Monday, January 7, 2008

The Stat Pack 20 plus: Exclusive interview with Jim Callis

We here at TheStatPack were lucky enough to have the Executive Editor of Baseball America, Jim Callis, answer a few questions for us. If you want to know anything about drafts, farm systems, prospects or the minor league in general, Jim's the foremost authority. If you want to read more of Jim's work you can check out BaseballAmerica, or you can order the 2008 Baseball America Prospect Handbook here.

TSP:Have you ever been approached by a major league team to work in their personnel department?

JC:Not directly. I've had a couple of teams ask, more in conversation, if I could ever see my self scouting. It would be fun to work for a team, but it also would be tough right now because the hours involved would take me away from my family (four young kids, ages 6 to 12).

TSP:The Rays farm system has been rated at or near the top of baseball for 2-3 years now. What makes it so good?

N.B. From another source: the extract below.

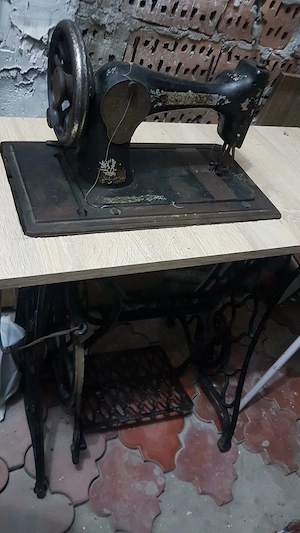 Vând mașină de cusut singer funcțională vintage, peste 150 de ani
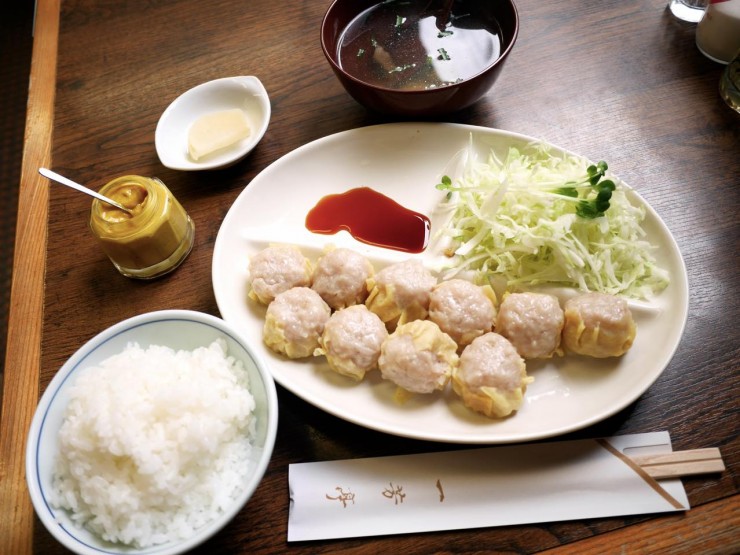 文豪も愛した黄色い皮！大阪なんばに行ったら一度は食べてみたい老舗華風料理「一芳亭」のしゅうまい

JC:They have a tremendous combination of blue-chip prospects and depth. They've had a bunch of very high first-round picks because of their poor major league performance, and they've made good use of them (Evan Longoria, David Price). They've also done a nice job with later-round choices such as Jake McGee, Wade Davis, Reid Brignac and Desmond Jennings, to name just a few.

TSP:Do you think the McGee/Davis tandem is as good as advertised?

JC:I do. When we did our personal overall Top 50 Prospects list for the 2008 Prospect Handbook, I had McGee at No. 17 and Davis at No. 18. They're two of the very best pitching prospects in baseball.

TSP:Heath Rollins just put up one of the best seasons in the history of the entire Rays organization. How come his name isn't mentioned in the top group of Rays pitching?

JC:His stuff isn't good enough to rank with that top group. His slider is a legitimate pitch, but the rest of his stuff is fringy. And while his season was impressive, he was 22 and spent the whole year in low Class A, which was not. Let's see him succeed in high Class A and Double-A. Until then, he's more of a "keep an eye on" type than a true prospect.

TSP:Same question just with Chris Mason?

JC:I honestly don't think that's the case with Mason. He's right at the head of the class of Tampa Bay's second tier of pitching prospects. He's not a big velocity guy either, but he did have more fastball in college and may get some more velo back. He has a chance to have three average or better pitches.

TSP:How do you see Jeremy Hellickson progressing through the minors? Is it a stretch to see him at AA next year and in the Bigs by '09 or 2010?

JC:The Rays are very cautious with high school pitching prospects--just look at how carefully they've handled Davis and McGee. Hellickson will definitely start 2008 in high Class A and I wouldn't be surprised if he spent the whole year there. I see more of a 2010 ETA, because of how the Rays handle young arms and also because they'll be breaking guys like Price, McGee and Davis into the majors soon and the pitching staff won't have as many holes as Hellickson gets closer.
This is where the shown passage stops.